EXERCISE :: Tally up the lines below that contain the word "Porción" and give the total alone.

DATA EXTRACT ::
BEGIN

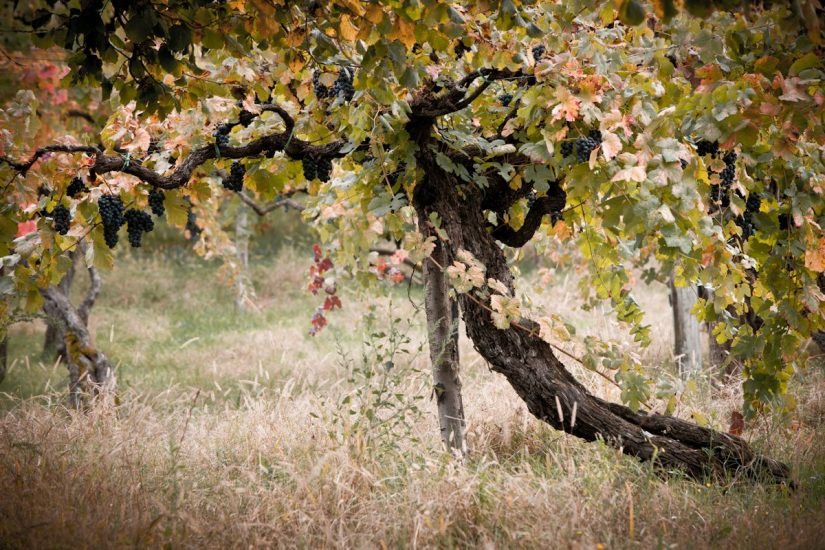 I “patriarchi della vite” a Feudi di San Gregori, in Irpinia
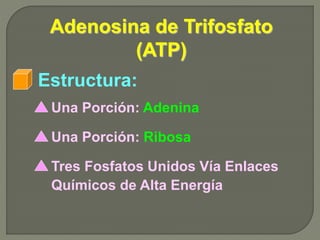 Adenosina de Trifosfato
(ATP)
Una Porción: Adenina
Estructura:
Una Porción: Ribosa
Tres Fosfatos Unidos Vía Enlaces
Químicos de Alta Energía
 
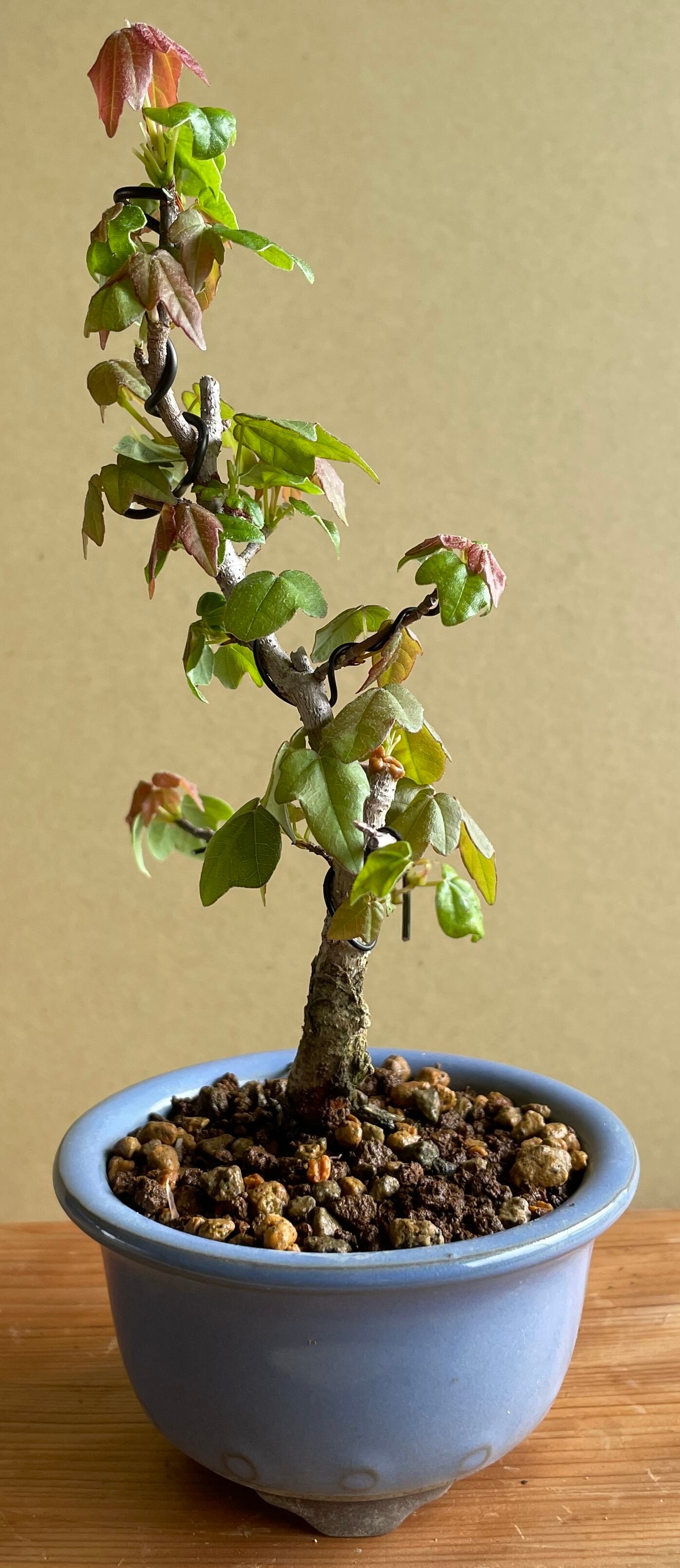 盆栽 深山カイドウ 樹高36cm 深山カイドウ 実物盆栽（みもの盆栽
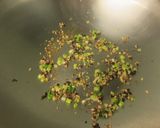 湖南蛋的食譜步驟5照片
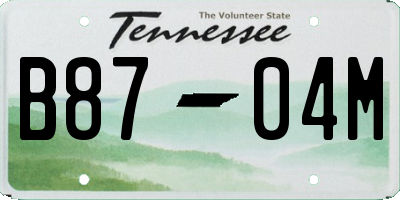 TN license plate B8704M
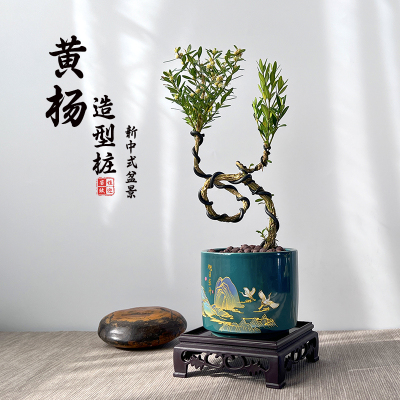 黄杨盆栽庭院老桩耐寒常青绿植小叶邹皮植K物阳台客厅造型中式盆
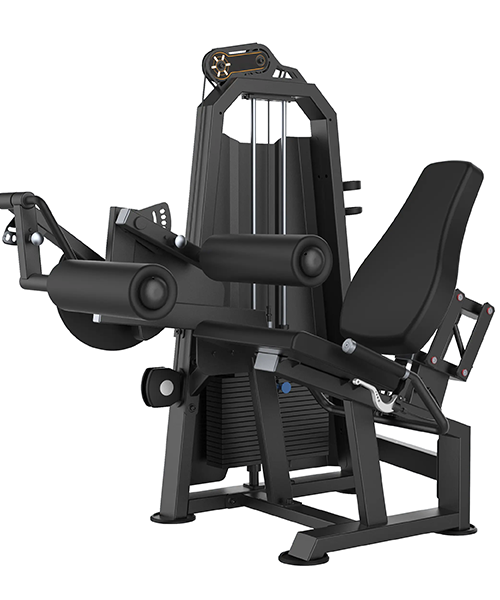 FEMORAL SENTADO T1023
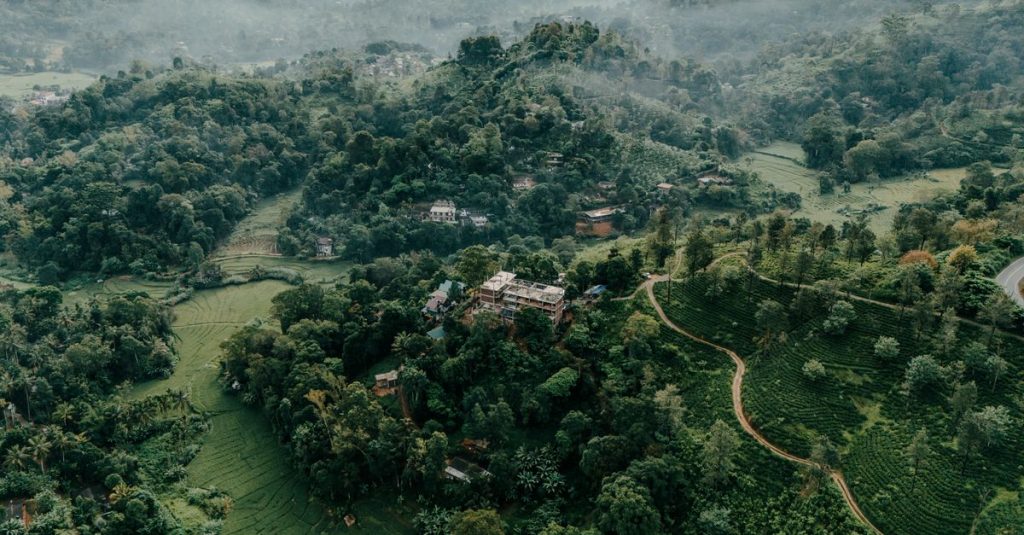 découvrez haputale, une charmante ville au sri lanka offrant des paysages naturels époustouflants, des plantations de thé luxuriantes, et une ambiance paisible idéale pour les amateurs de nature et d’aventure.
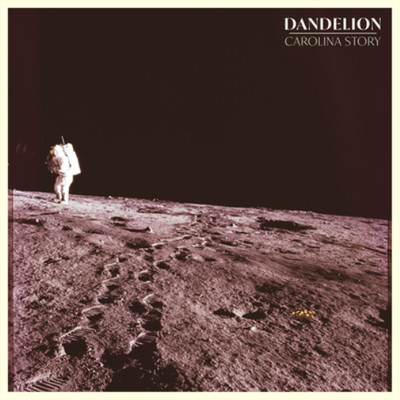 Carolina Story Dandelion (CD) Album (US IMPORT)
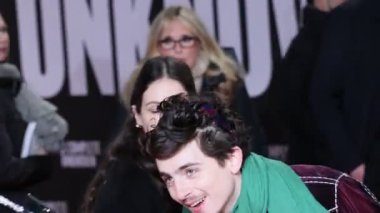 Roma, İtalya - 17 Ocak 2025: Bob Dylan rolüyle aktör Timothe Chalamet, Auditorium Parco Della Musica 'daki 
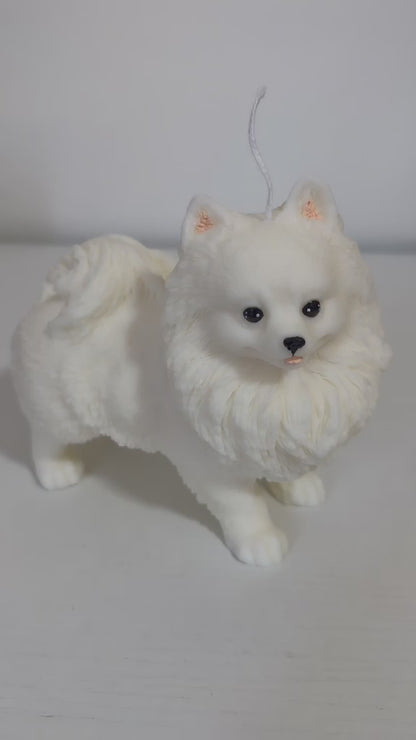 Volpino di Pomerania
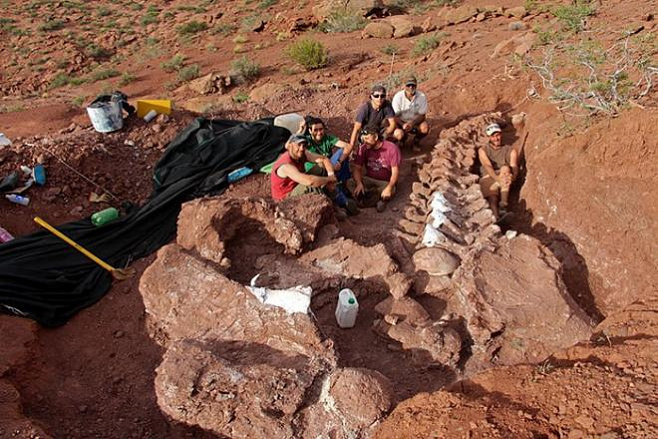 В Аргентине нашли останки возможно самого большого динозавра из когда-либо живших на Земле
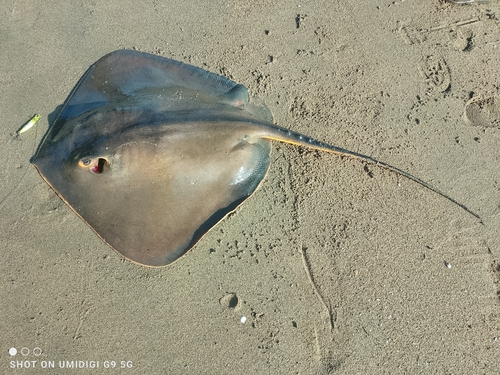 エイの釣果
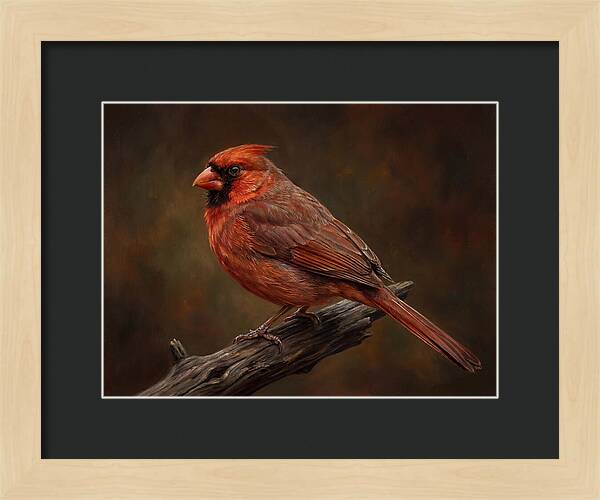 Cardinal Perched On Branch
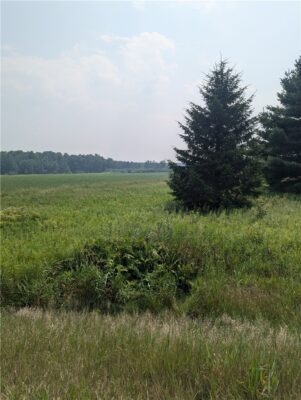 Lot 4 County Highway W, Holcombe, WI
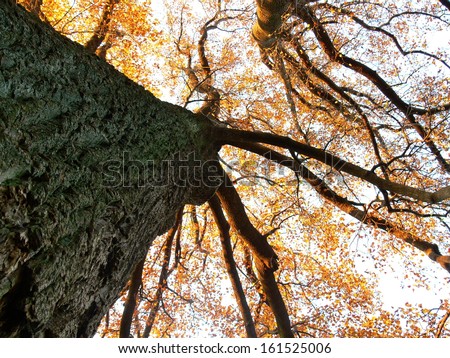 Low angle view of a tree with orange leaves.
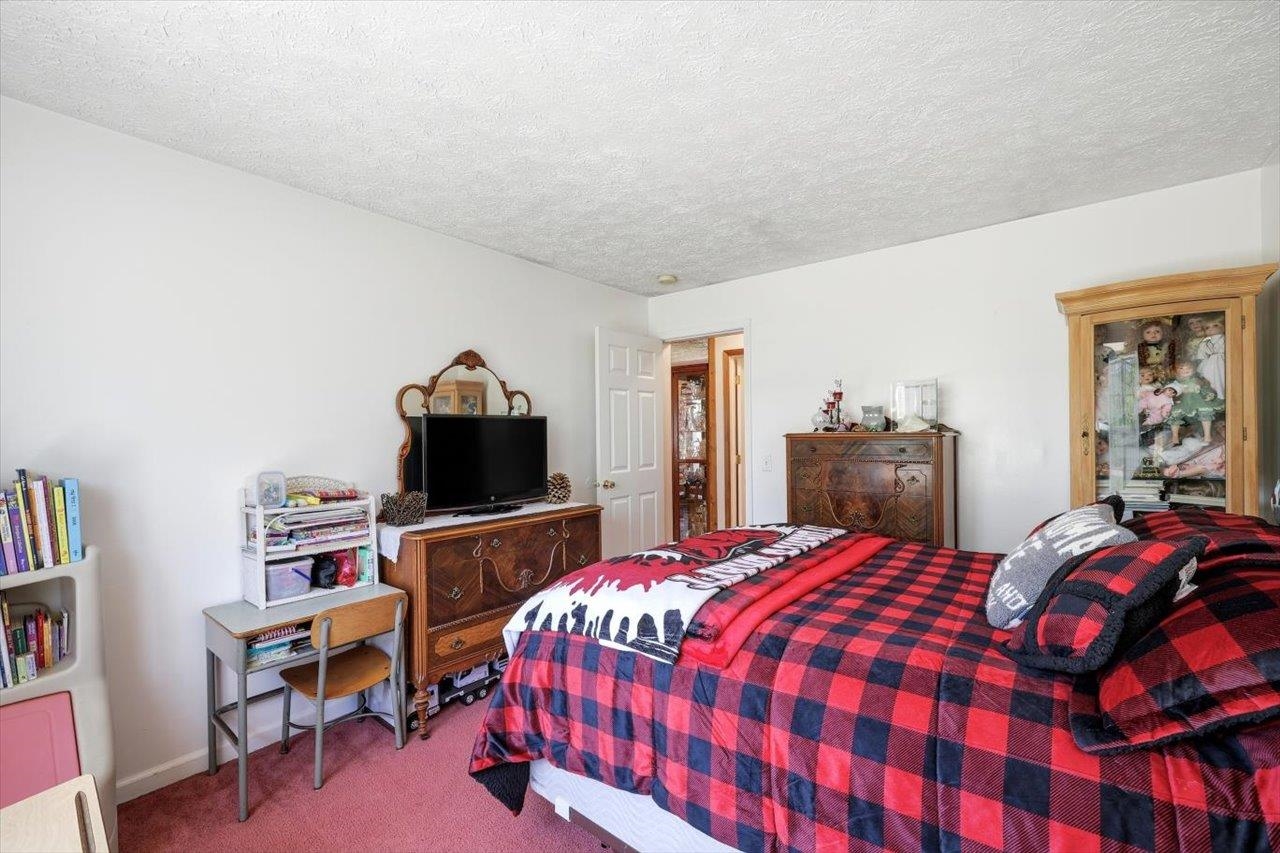 925 Mt Torrey Road Lyndhurst, VA 22952 - Photo 23 of 53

END

EXERCISE SOLUTION :: 2